Q.T. Hush is a 1960–61 American animated cartoon released in syndication, beginning on September 24, 1960. The show's 100 three-and-a-half-minute episodes, all in color, were directed by veteran animator Rudy Cataldi, and produced by Animation Associates. The series was designed to air either as a daily five-minute cliffhanger in a locally-produced children's show, or packaged as a half-hour program. Each story was ten parts; in the daily version, the story would last for two weeks.

The main character was voiced by veteran voice actor Dallas McKennon.

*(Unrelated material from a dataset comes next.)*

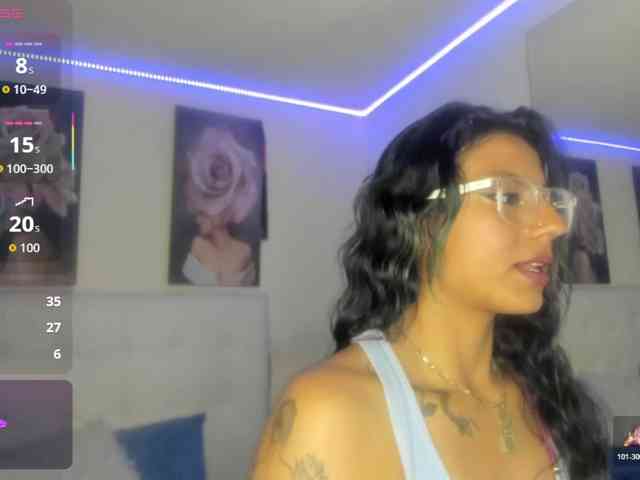 Model: SamanthaMay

This was Animation Associates' only show. All of the episodes survive.

Plot
Q.T. was a private detective with two assistants, his bloodhound Shamus (who, like Q.T., wore a deerstalker hat) and Quincy, who wore a trench coat, slouch hat and smoked cigars. Quincy was actually Q.T.'s shadow and could not only speak but slide under doors as well. As with many private eyes, Hush had a love-hate relationship with the local police in the form of Chief Muldoon.

Aside from the serial aspect and being one of the few color cartoons of its era, Q.T. was famous for inventing the cell phone (a pocket radio that could be used to call conventional land lines) and the fax machine (QT could shove documents into a phone mouthpiece and have the identical document appear in the receiver of who he was speaking with).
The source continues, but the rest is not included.